Note: The custom plugin class must be a subclass of linkml_validator.plugins.base.BasePlugin and must implement all the methods defined in BasePlugin class.

Using LinkML Validator as a module

You can use the linkml_validator.validator.Validator class directly in your codebase to perform validation on objects that you are working with.

The following code snippet provides a quick way of instantiating the Validator class and performing validation on an object:

from linkml_validator.validator import Validator

data_obj = {
    "id": "obj1",
    "name": "Object 1",
    "type": "X"
}
validator = Validator(schema="examples/example_schema.yaml")
validator.validate(obj=data_obj, target_class="NamedThing")

Note: The above code makes the assumption that there is a class named thing defined in the examples/example_schema.yaml and that NamedThing is its Pythonic representation.
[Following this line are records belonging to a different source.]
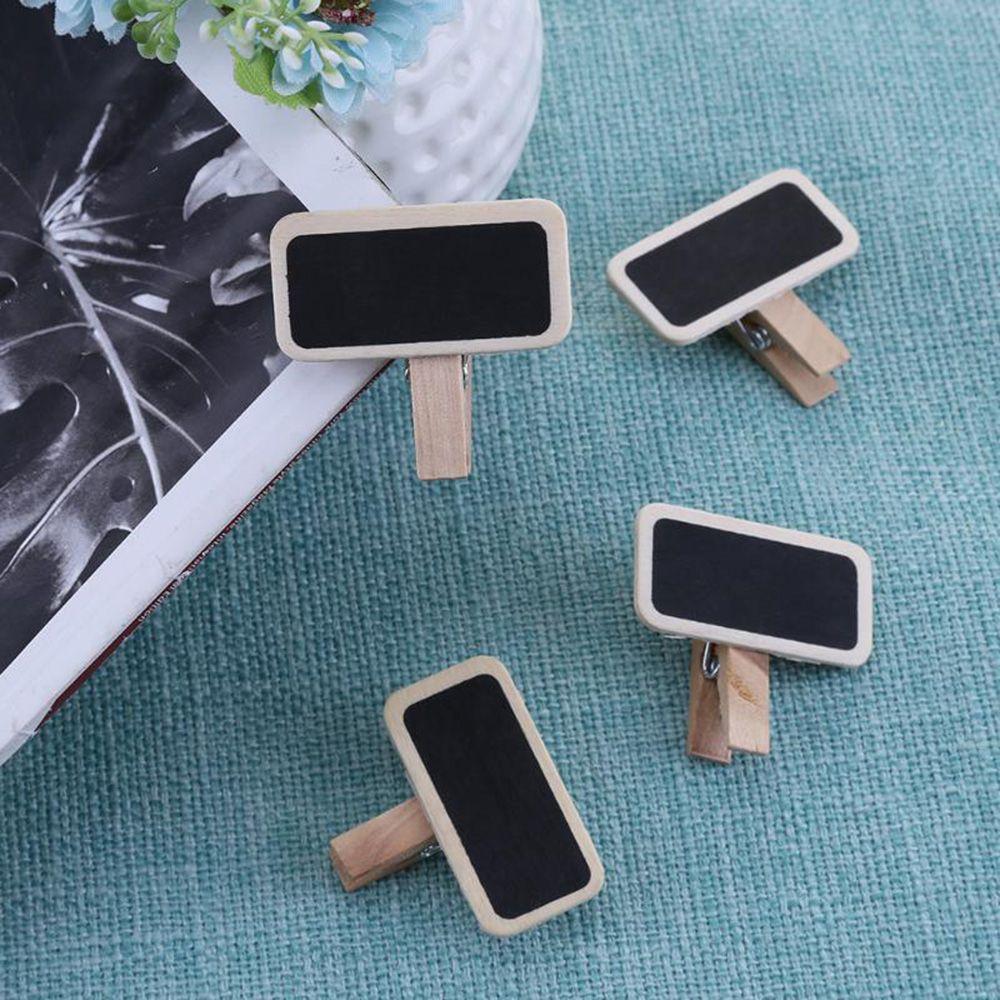 Ornament Party Decor Memo Wooden Label Notice Sign Mini Blackboard Chalkboard Message Note Clip
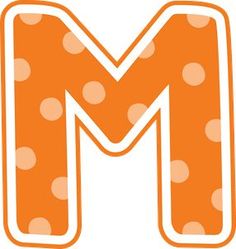 the letter m is made up of orange and white polka dotty dots on it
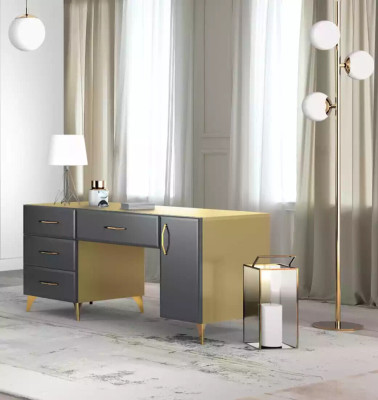 Living room Set Desk Sideboard Bookshelf 3-piece. Table Furniture Wood
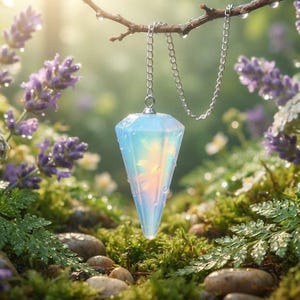 May include: A faceted, translucent, opalescent pendulum with a smooth, conical shape suspended from a silver-toned metal chain. The pendulum displays soft blue and white hues with an iridescent sheen, hanging vertically in a natural setting.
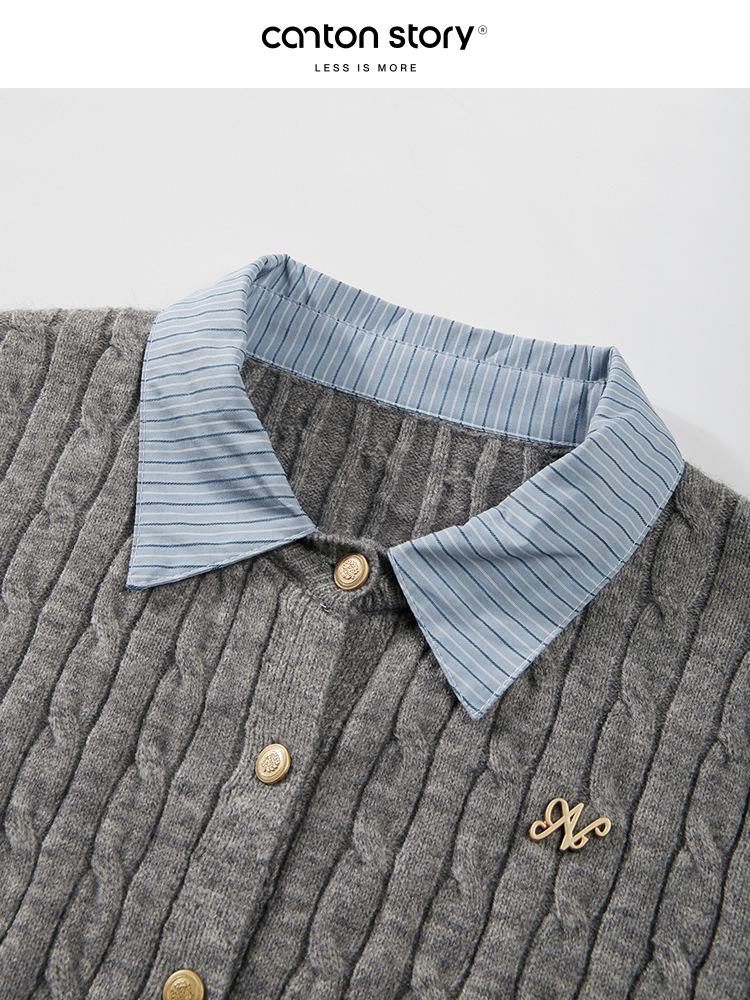 Yangcheng Story Women's Slim Fit Grey Faux Two-Piece Knit Cardigan for Autumn 2025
You can also provide your own custom plugin class to run with the Validator,

from linkml_validator.validator import Validator
from linkml_validator.plugins.base import BasePlugin
from linkml_validator.models import ValidationResult

class MyCustomPlugin(BasePlugin):
    NAME = "MyCustomPlugin"

    def __init__(self, schema: str, **kwargs) -> None:
        super().__init__(schema)

    def process(self, obj: dict, **kwargs) -> ValidationResult:
        # Add your custom logic for processing and validating the incoming object
        valid = False
        print("In MyCustomPlugin.process method")
        result = ValidationResult(
            plugin_name=self.NAME,
            valid=valid,
            validation_messages=[]
        )
        return result

data_obj = {
    "id": "obj1",
    "name": "Object 1",
    "type": "X"
}
validator = Validator(schema="examples/example_schema.yaml", plugins=[{"plugin_class": "MyCustomPlugin", "args": {}])
validator.validate(obj=data_obj, target_class="NamedThing")